Paradoxically, Biden and Netanyahu have maintained a close, flourishing personal relationship for decades, ever since Netanyahu served as the deputy chief of mission at the Israeli Embassy in Washington (1982-84) and Biden as a young 10-year Senate veteran from Delaware. Although Biden was a classic Democrat and Netanyahu a distinct Republican, they became good friends and have remained so. Netanyahu could hardly have hoped for a better Democratic president nominee, which is not the case with his vice presidential candidate Kamala Harris.

Netanyahu is not alone. Biden knows, respects and keeps in touch with all Israel’s former prime ministers. Ehud Barak and Ehud Olmert both praise him at every opportunity and maintain a close relationship with him. “His support for Israel is natural and clear,” a senior Israeli diplomatic official told Al-Monitor on condition of anonymity. “He does not need any persuading. On the other hand, as far as the settlements are concerned, his position is still the traditional one of pre-Trump administrations. However, unlike other Democrats, who often harshly criticize Israel and preach to it, Biden will always make do with a friendlier question or comment. He will say something like, ‘Why don’t you reexamine this,’ but he will not deliver a harangue.”

Biden’s possible move into the White House in January 2021 was the catalyst for Netanyahu’s declared plans to impose Israeli sovereignty on West Bank Samaria settlements before his biggest Washington catch slips away. Meanwhile, he has had to bury that dream, but is praying for a Trump victory that would allow him to revive it. And if Biden wins? “We will not mourn and we will not be keen,” a senior political official in Jerusalem told Al-Monitor on condition of anonymity, “We have been through worse disasters. The settlement issue is far less troubling than the Iranian one.”
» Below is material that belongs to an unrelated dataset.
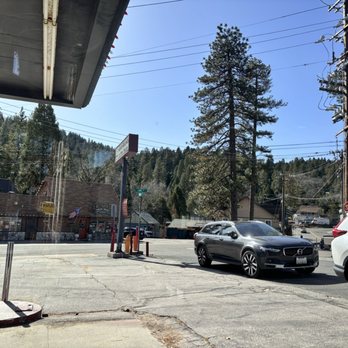 Higher Grounds Coffee House - Outside parking - Coffee & Tea Near Me - Crestline, California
Indeed, US policy toward Iran is the rhinoceros in the room. Israeli officials are investing significant efforts in convincing Biden’s current and future team on this issue, which Israel views as existential. The US “maximum pressure” policy is yielding fruit and pushing Iran up against the wall. Netanyahu and his associates are concerned that Biden might replace that policy, reduce tensions, pacify Iran with a goodwill gesture and renew negotiations on a nuclear agreement.

If you ask Netanyahu, such an option is disastrous. Senior defense officials — the military chief of staff, the Mossad chief, the head of Military Intelligence and commander of the air force — are not so sure. “Iran as a signatory to a nuclear agreement is a far less dangerous Iran than the current one that has been violating the deal because the Americans withdrew from it,” a senior Israeli defense source told Al-Monitor on condition of anonymity. “If Biden is sufficiently skillful in reaching an upgraded, longer term nuclear agreement, it would not be such a bad deal.”

Either way, Netanyahu’s associates know that Biden is no Obama. A veteran Israeli diplomatic source told Al-Monitor on condition of anonymity, “Biden knows how to exert force and knows the importance of being willing to do so. He grew up in a tough neighborhood, he knows the Middle East and he is not naive like Obama was at the time.”

Israel hopes to make the best of a Biden presidency — if that indeed happens — keeping Iran’s feet to the fire so that the regime is not allowed to evade sanctions without signing a new nuclear agreement, more persuasive than the previous one, or risk continued paralyzing economic pressure. Work on that task is already underway. Where Iran is concerned, Israel does not rely on miracles or coincidences.